Network Activity D - Collections Standards

NA D is engaging and aiding the active participation by all European Countries in the delivery of information systems about their taxonomic collections. This system is bringing the information held by SYNTHESYS partners to all the user sectors that depend on organism-related information for their research and/or decision making purposes.

NA D builds on and actively incorporates the results of initiatives such as BioCASE and ENHSIN, which have laid the base for a European collection information service. It is taking the research work from these initiatives as the core of a practical, sustainable, Europe-wide information network for users of taxonomic information.

Aims and objectives

NA D will engage and aid the active participation by all European Countries in the delivery of information systems about their taxonomic collections. This system will bring the information held by SYNTHESYS partners to all the user sectors that depend on organism-related information for their research and/or decision making purposes.

NA D will build on and actively incorporate results of initiatives such as BioCASE and ENHSIN, which have laid the base for a European collection information service, and aims to take the research work from these initiatives as the core of a practical, sustainable, Europe-wide information network for users of taxonomic information.

There will also be interaction with global biodiversity informatics infrastructure, represented by GBIF, and related European projects, such as ENBI.
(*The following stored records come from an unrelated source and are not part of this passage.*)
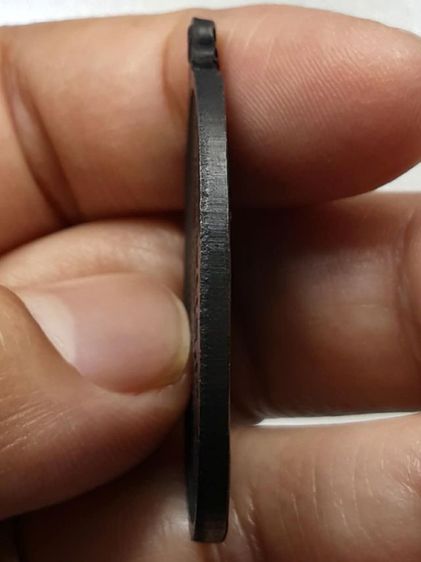 เหรียญสมเด็จพระเจ้าตากสินมหาราช ทองแดงรมดำ รูปที่ 3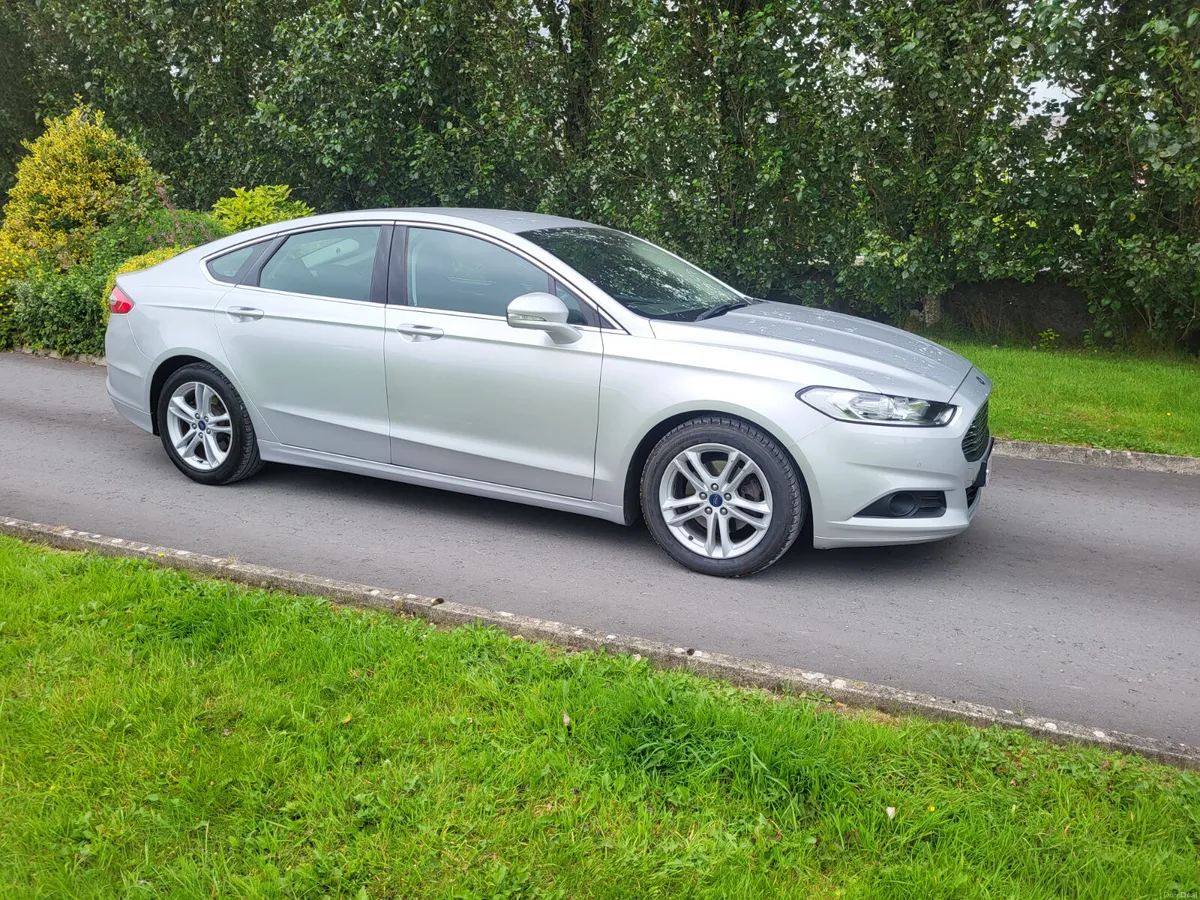 Ford Mondeo TITANIUM 1.5 Diesel. New NCT - Image 2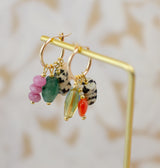 Mix and Match Charm Earrings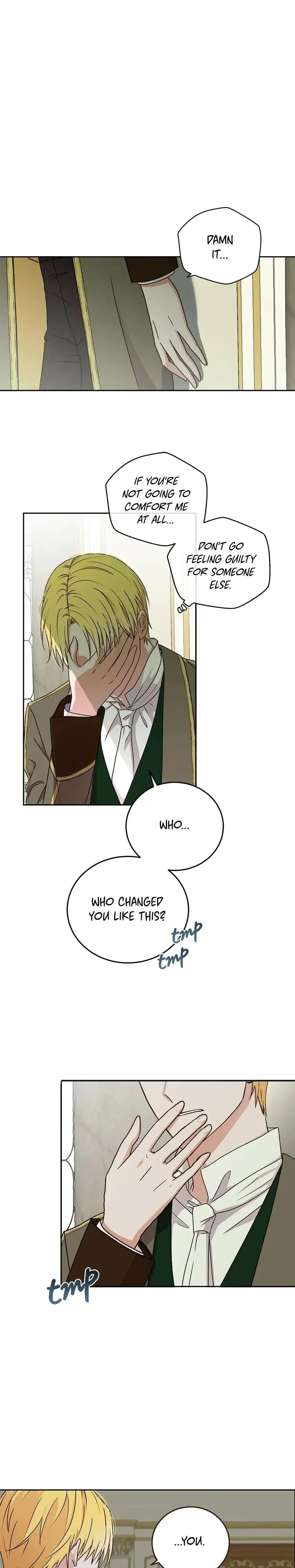 I Fell Into A Reverse Harem Game Chapter 14 - Page 14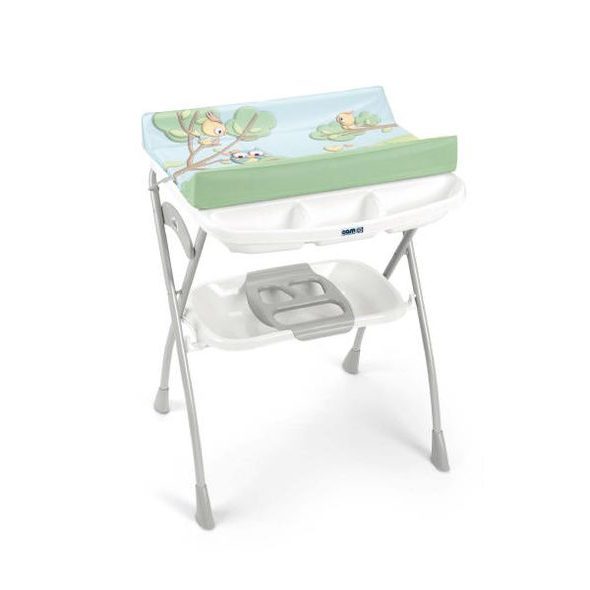 CAM PŘEBALOVACÍ STŮL VOLARE - PŘEBALOVACÍ PULTY - PŘEBALOVÁNÍ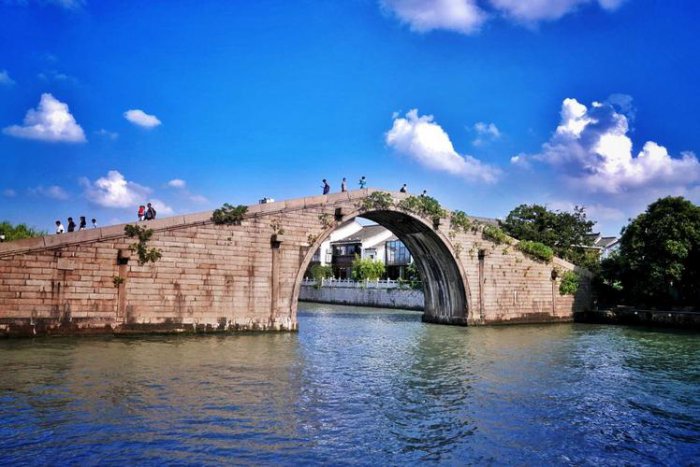 苏州十大著名古桥：枫桥报，吴门桥排第一位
  • Extend the amount and increase the technical quality and availability of networked data resources
  • Pool, extend, and synchronise semantic definitions, standard data, and data standards
  • Develop User interfaces

Progress report

Extend the amount and increase the technical quality and availability of existing data

NA D runs two helpdesks to increase the technical quality and availability of data: The SYNTHESYS Technology Helpdesk provides support for collection holders intending to use the BioCASE provider software for connecting their collections to the BioCASE/GBIF network infrastructure. The helpdesk offers help in understanding the principles of the architecture, planning the actions and preparing the collection databases for publication, installing and configuring the provider software, troubleshooting, mapping the collection database to the ABCD schema as well as bridging the gap between the collection holder and the GBIF secretariat in Copenhagen.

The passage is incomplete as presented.